> [STUDY MATERIAL]

· · · · ·

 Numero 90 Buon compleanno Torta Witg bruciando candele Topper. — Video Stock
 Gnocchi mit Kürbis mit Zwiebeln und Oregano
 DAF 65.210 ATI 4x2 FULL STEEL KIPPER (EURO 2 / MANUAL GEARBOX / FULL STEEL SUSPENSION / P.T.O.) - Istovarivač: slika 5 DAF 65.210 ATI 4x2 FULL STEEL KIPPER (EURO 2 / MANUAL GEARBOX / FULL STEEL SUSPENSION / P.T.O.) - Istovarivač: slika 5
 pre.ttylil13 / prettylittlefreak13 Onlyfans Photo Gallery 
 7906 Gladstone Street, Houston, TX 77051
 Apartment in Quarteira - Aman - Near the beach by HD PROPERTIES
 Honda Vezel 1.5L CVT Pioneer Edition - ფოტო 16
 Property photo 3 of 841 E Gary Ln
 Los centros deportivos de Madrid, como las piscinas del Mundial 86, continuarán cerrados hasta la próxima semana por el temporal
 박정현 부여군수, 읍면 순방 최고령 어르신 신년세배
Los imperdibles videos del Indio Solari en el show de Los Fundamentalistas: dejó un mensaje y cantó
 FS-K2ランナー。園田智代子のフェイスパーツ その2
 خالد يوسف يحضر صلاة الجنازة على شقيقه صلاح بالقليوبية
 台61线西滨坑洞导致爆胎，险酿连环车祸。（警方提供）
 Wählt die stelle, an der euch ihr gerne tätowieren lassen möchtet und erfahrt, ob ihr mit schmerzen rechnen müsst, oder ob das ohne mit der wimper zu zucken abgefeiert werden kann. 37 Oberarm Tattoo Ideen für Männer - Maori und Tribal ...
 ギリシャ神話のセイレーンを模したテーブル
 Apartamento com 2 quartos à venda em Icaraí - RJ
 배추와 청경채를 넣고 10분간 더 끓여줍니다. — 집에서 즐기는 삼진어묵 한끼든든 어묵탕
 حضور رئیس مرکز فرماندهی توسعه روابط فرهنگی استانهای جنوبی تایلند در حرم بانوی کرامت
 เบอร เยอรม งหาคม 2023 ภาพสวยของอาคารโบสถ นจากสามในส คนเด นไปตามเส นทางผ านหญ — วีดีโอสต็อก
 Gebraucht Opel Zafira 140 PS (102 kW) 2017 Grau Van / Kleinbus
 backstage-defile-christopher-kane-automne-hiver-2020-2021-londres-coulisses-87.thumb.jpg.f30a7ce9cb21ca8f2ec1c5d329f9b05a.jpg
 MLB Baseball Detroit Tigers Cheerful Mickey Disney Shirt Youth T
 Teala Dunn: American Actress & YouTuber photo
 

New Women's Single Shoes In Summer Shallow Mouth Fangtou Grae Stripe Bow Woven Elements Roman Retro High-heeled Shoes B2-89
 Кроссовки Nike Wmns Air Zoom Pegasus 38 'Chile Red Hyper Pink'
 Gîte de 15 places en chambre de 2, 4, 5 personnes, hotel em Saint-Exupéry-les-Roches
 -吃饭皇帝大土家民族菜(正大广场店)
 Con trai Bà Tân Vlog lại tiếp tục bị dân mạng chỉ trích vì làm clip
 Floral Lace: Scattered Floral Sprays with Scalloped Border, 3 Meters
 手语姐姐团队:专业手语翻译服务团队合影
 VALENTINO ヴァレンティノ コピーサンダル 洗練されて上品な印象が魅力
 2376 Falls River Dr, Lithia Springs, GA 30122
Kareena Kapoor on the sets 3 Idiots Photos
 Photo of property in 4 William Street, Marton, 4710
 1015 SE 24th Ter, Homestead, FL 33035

· · · · ·

> [THE TASK] Everything above from the line containing "Honda Vezel 1.5L" down to the line containing "박정현 부여군수, 읍면 순방 최고령 어르신 신년세배" is to be transcribed exactly, with both of those lines included and nothing else added.

> [YOUR SOLUTION]
 Honda Vezel 1.5L CVT Pioneer Edition - ფოტო 16
 Property photo 3 of 841 E Gary Ln
 Los centros deportivos de Madrid, como las piscinas del Mundial 86, continuarán cerrados hasta la próxima semana por el temporal
 박정현 부여군수, 읍면 순방 최고령 어르신 신년세배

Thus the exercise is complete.